■ Work item ■
Only the lines from the one with "Actis KH-920BKR ink" through the end of the data are wanted, copied exactly.

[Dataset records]
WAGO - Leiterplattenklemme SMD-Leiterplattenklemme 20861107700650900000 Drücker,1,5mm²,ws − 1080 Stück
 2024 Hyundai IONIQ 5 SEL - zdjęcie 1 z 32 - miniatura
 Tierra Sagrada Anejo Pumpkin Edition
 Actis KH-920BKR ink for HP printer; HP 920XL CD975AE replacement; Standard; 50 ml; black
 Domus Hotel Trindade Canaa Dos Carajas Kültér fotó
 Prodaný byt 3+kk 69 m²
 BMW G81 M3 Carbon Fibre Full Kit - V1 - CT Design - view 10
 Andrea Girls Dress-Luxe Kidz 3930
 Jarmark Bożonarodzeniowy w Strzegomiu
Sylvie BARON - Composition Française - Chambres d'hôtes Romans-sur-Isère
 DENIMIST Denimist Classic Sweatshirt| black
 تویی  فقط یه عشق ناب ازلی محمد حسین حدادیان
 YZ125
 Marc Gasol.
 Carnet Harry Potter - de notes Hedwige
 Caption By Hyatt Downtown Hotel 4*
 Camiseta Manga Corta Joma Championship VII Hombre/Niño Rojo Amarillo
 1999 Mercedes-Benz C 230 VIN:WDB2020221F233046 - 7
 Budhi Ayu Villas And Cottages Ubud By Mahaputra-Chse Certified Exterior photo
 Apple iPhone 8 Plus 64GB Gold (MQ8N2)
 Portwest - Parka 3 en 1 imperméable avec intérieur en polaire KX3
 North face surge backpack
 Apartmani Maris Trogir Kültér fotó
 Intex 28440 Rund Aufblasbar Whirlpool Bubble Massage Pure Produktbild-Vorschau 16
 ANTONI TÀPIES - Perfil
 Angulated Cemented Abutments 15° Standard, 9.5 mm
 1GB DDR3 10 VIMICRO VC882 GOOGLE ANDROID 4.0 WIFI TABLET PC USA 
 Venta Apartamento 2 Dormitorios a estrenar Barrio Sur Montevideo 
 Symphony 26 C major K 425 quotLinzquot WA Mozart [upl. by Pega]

■ Task solution ■
 Actis KH-920BKR ink for HP printer; HP 920XL CD975AE replacement; Standard; 50 ml; black
 Domus Hotel Trindade Canaa Dos Carajas Kültér fotó
 Prodaný byt 3+kk 69 m²
 BMW G81 M3 Carbon Fibre Full Kit - V1 - CT Design - view 10
 Andrea Girls Dress-Luxe Kidz 3930
 Jarmark Bożonarodzeniowy w Strzegomiu
Sylvie BARON - Composition Française - Chambres d'hôtes Romans-sur-Isère
 DENIMIST Denimist Classic Sweatshirt| black
 تویی  فقط یه عشق ناب ازلی محمد حسین حدادیان
 YZ125
 Marc Gasol.
 Carnet Harry Potter - de notes Hedwige
 Caption By Hyatt Downtown Hotel 4*
 Camiseta Manga Corta Joma Championship VII Hombre/Niño Rojo Amarillo
 1999 Mercedes-Benz C 230 VIN:WDB2020221F233046 - 7
 Budhi Ayu Villas And Cottages Ubud By Mahaputra-Chse Certified Exterior photo
 Apple iPhone 8 Plus 64GB Gold (MQ8N2)
 Portwest - Parka 3 en 1 imperméable avec intérieur en polaire KX3
 North face surge backpack
 Apartmani Maris Trogir Kültér fotó
 Intex 28440 Rund Aufblasbar Whirlpool Bubble Massage Pure Produktbild-Vorschau 16
 ANTONI TÀPIES - Perfil
 Angulated Cemented Abutments 15° Standard, 9.5 mm
 1GB DDR3 10 VIMICRO VC882 GOOGLE ANDROID 4.0 WIFI TABLET PC USA 
 Venta Apartamento 2 Dormitorios a estrenar Barrio Sur Montevideo 
 Symphony 26 C major K 425 quotLinzquot WA Mozart [upl. by Pega]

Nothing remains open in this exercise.